Post that vid up in a new thread, let's review/discuss!


----------



## mr. compassionate (Jan 13, 2006)

yesimapirate said:


> Get ready for my armchair QB comment - don't run Cataract without an oar saver. I use oar savers on every trip. Call me any name in the book, and I'll still have my loop straps from Tuff River Stuff connected to frame and oars.


What is an oar saver?


----------



## GOTY2011 (Mar 18, 2018)

I watched last evening, and having grown up in the Desert SW my comments and experiences are influenced by living on/near SIPI, taking field trips to Acoma and other sites, as well as having had the opportunity to float the Rio Grande, San Juan, the Green from Dutch John to Swinging Bridge, and Gates of Lodore, over the course of the last 40 years.

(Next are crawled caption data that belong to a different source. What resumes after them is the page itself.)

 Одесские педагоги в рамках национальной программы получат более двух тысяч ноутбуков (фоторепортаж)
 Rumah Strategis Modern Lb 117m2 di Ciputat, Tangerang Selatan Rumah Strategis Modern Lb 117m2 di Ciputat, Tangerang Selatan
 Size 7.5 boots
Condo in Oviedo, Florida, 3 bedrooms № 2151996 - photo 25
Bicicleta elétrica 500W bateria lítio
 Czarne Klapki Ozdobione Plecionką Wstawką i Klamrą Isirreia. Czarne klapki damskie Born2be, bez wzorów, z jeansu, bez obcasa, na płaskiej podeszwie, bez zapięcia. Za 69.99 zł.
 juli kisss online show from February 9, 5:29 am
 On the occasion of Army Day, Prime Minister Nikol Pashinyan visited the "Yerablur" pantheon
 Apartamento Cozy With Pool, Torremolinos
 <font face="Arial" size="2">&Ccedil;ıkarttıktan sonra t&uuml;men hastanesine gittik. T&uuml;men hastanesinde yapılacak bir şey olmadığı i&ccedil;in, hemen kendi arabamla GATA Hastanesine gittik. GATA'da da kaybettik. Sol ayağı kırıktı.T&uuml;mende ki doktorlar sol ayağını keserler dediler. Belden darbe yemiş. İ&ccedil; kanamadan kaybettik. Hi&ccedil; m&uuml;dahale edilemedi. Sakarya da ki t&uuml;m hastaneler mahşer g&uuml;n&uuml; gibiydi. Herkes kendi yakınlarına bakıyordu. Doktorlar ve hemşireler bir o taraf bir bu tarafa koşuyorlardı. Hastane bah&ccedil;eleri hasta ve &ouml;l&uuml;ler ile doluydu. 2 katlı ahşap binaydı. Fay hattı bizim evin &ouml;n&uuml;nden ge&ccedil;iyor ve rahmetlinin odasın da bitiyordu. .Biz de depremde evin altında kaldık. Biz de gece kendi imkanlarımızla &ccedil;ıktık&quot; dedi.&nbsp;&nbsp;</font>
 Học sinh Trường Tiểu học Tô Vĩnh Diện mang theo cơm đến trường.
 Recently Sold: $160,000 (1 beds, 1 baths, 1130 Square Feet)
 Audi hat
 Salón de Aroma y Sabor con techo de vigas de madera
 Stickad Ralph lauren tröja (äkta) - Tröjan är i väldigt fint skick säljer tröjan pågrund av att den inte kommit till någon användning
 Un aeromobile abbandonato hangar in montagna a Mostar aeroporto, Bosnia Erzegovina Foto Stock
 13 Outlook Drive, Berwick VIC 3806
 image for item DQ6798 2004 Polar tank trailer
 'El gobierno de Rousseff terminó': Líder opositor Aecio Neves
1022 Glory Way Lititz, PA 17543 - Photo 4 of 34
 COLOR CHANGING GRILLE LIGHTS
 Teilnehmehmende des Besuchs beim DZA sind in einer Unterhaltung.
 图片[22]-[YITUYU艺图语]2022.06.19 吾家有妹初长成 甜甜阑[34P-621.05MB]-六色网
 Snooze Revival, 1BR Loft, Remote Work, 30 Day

We have to do better in respecting the rights of the people, environment, and the future of the region. I’m jealous of the folks that got to experience this trip, but not more so than the feeling of remorse that the future looks bleak for all of us. And the only solutions I see are reducing use, no more dams, and returning the land to its original state.


----------



## J Flo (9 mo ago)

Hi Everybody! I'm thrilled that you all took the opportunity to watch "A River Out of Time". I think it's fair to say that our main goal was to promote dialogue and have conversations about many challenging issues facing the Colorado River Basin. Based on this forum, I think we have had some success. I'll go through and respond to some specific questions throughout the thread but if you have anything you'd like to ask, I'm happy to offer some insights into various aspects of the expedition and subsequent film. Sincerely, Jessica


----------



## J Flo (9 mo ago)

MT4Runner said:


> Initial impressions: I liked it but didn't love it. I think it tried to be too many things. A buddy river video, an expedition video, a river documentary, a science video, a tribal documentary...but it was none of those things on their own and it didn't weave them very well together.
> I liked the individual footage. The interviews were generally good, but it had jarring transitions between interview footage and river footage.
> 
> I really really really enjoyed the Howard Dennis interview. I think a movie could be shot with all tribal storytellers telling their own stories all the way down the river and it would be incredible. _[[Me too! Howard's perspective and thoughtful insights were greatly appreciated.]]_
> ...


----------



## yesimapirate (Oct 18, 2010)

mr. compassionate said:


> What is an oar saver?


As long as you've been on here, I have to assume you're trolling me but I'll answer all the same. I've called them oar savers for almost 20 years. You call them what you want. Tethers. Leashes. The item that keeps the oar from floating or sinking away if popped out of oarlock. aka 31:52 in the video









NRS Oar Tethers


Don't lose your oar. The NRS Oar Tether keeps that oar anchored to the boat if it pops off the oarlock or pin. The tough cam buckle lets you easily adjust the length and remove the oar when needed.



www.nrs.com









Phantom Soft Tie Tethers – Cascade River Gear







cascaderivergear.com









Oar Tether, Pair – Cascade River Gear







cascaderivergear.com












Down River Equipment Down River Oar Leash, Deluxe (pair) Accessories More at Down River Equipment


Down River Equipment Down River Oar Leash, Deluxe (pair) Accessories More at Down River Equipment




www.downriverequip.com


----------



## J Flo (9 mo ago)

yardsells said:


> Of course they didn't credit my buddy who delivered their replacement motor, showed/helped them replace it and hauled out their dead one...
> 
> _[[Jeff Campbell was a key contributor to our success in motoring across Lake Powell and his help was greatly appreciated. We are fallible human beings and certainly didn't mean any disrespect by not including him in the credits. We were thrilled to have Jeff come to a screening of the film at John Wesley Powell River History Museum in Green River, UT. If you are interested in reading more about the expedition and seeing the extensive list of people, businesses and organizations who helped us complete it you can read the attached SCREE (Powell 150) Booklet. Thank you for taking the time to watch the film. Much appreciated. Jessica]]_
> 
> Meh.


----------



## J Flo (9 mo ago)

hooligan shmulligan said:


> I'm in the background in a few scenes. In hindsight wished I would of done more then just Ladore. But taking months off and being a boatmen for a more liberal crowd kind of scared me. Though the people that were on the Gates section were awesome. Glad they used some stuff from Noel, guy is a great story teller. Glad I got to be part of it and Jess inviting me.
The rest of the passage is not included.